The problem, Zaslav said Wednesday wasn’t the people—it was the numbers. CNN’s rosy projections of reaching 2 million subscribers in the first year just weren’t reflected in the hard numbers Zaslav and his team reviewed upon taking over.
“We looked at it, and we looked at the data, the number of users,” Zaslav said Wednesday on CNBC’s Squawk Box. “They had spent an enormous amount of money trying to sell an independent product. The subscribers weren’t there,” Zaslav said, adding that after looking at the data, they decided that “the business wasn’t there.”
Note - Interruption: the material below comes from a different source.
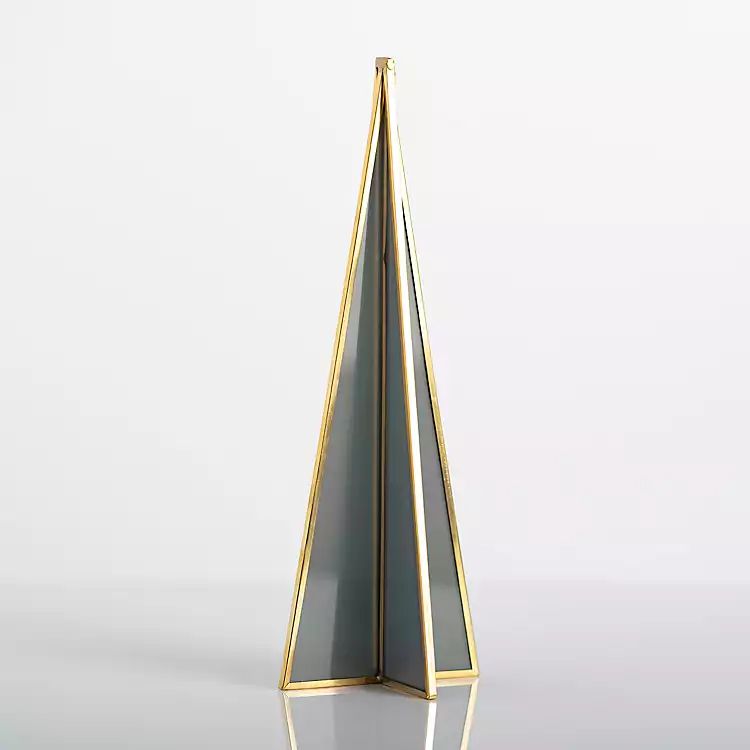 Sage and Gold Edge Christmas Tree Figurine | Kirkland's Home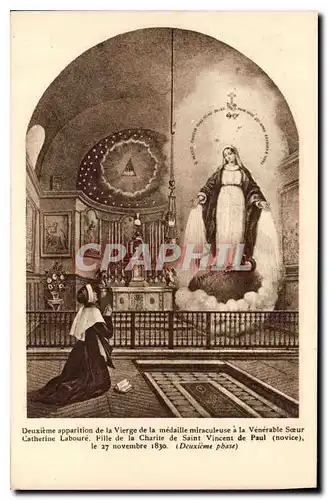 Cartes postales Deuxieme apparition de la Vierge de la medaille miraculeuse a la Venerable Soeur Catherine Labou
Fewer than 10,000 people watched CNN+ daily in the weeks that the platform was in production according to CNBC, well short of the network’s hopeful projections—and statements released to the media. “We continue to be happy with the launch and its progress after only two weeks,” a spokesperson for CNN+ said in April.
The New York Times
Zaslav was unwilling to pour any more money into the streaming platform. He told CNBC that he is, however, bullish on the CNN brand, which he sees as the most trusted source for news in a marketplace of “advocacy” networks. “I think there’s a very big lane for CNN. I think people in America, they’re looking for a place where people aren’t yelling and giving opinions, and they’re looking for more news.”